Quand Ikea participe à l’exclusion des femmes avec un catalogue ultra-orthodoxe

Le géant suédois a présenté ses excuses après que son distributeur israélien a publié un catalogue sans image de femmes à destination du public haredi.

« Incroyable, je ne savais pas qu’il y avait des foyers monoparentaux au sein de la communauté Haredi » ! Un commentaire ironique -parmi d’autres- relevé sur la toile par le site d’informations israélien Ynet. C’est un fait : en élaborant une version « ultra-religieuse » de son catalogue, la filiale israélienne du géant suédois Ikea a déclenché une bronca ! L’antenne locale du groupe d’ameublement a en effet cru bon de publier une brochure dépourvue de toute image de femmes, pour séduire le public ultra-orthodoxe israélien…

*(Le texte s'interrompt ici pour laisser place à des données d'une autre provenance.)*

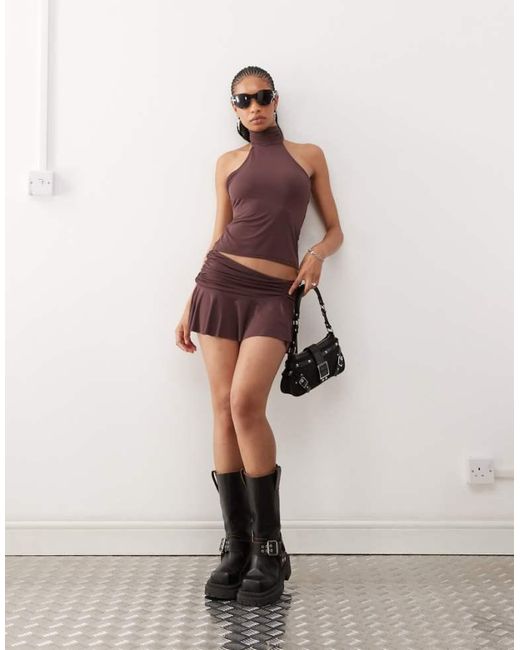 Collusion Natural Soft Slinky Micro Mini Ruched Skirt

Parmi les images retenues par cette « édition spéciale » : un papa juif orthodoxe qui sert du jus d’orange à ses enfants, dans une cuisine blanche, confortable et lumineuse ; un papa juif orthodoxe lisant au coin de sa bibliothèque de beaux ouvrages, avec ses deux garçons assis près de lui, sur un confortable tapis blanc posé au sol… Exit donc les femmes et les fillettes dans cet univers résolument masculin et privé de mamans. Ebruitée depuis plusieurs jours dans les médias israéliens, l’affaire n’a pas manqué de susciter de nombreuses critiques. Obligeant la direction d’Ikea à présenter ses excuses en début de semaine.

« Nous comprenons que des personnes ont été choquées et que cette publication n’est pas en accord avec les valeurs d’Ikea, et nous nous en excusons. Nous nous assurerons que nos futures publications reflètent ce qu’Ikea défend », assure la marque, ajoutant que ce catalogue « unisexe » avait été édité par la filiale israélienne du groupe sans passer par le siège. Pour sa part, le directeur exécutif d’Ikea, en Israël (où l’entreprise compte trois magasins), Shuky Koblenz, a reconnu qu’une brochure sur mesure avait été publiée en février, et s’est platement excusé.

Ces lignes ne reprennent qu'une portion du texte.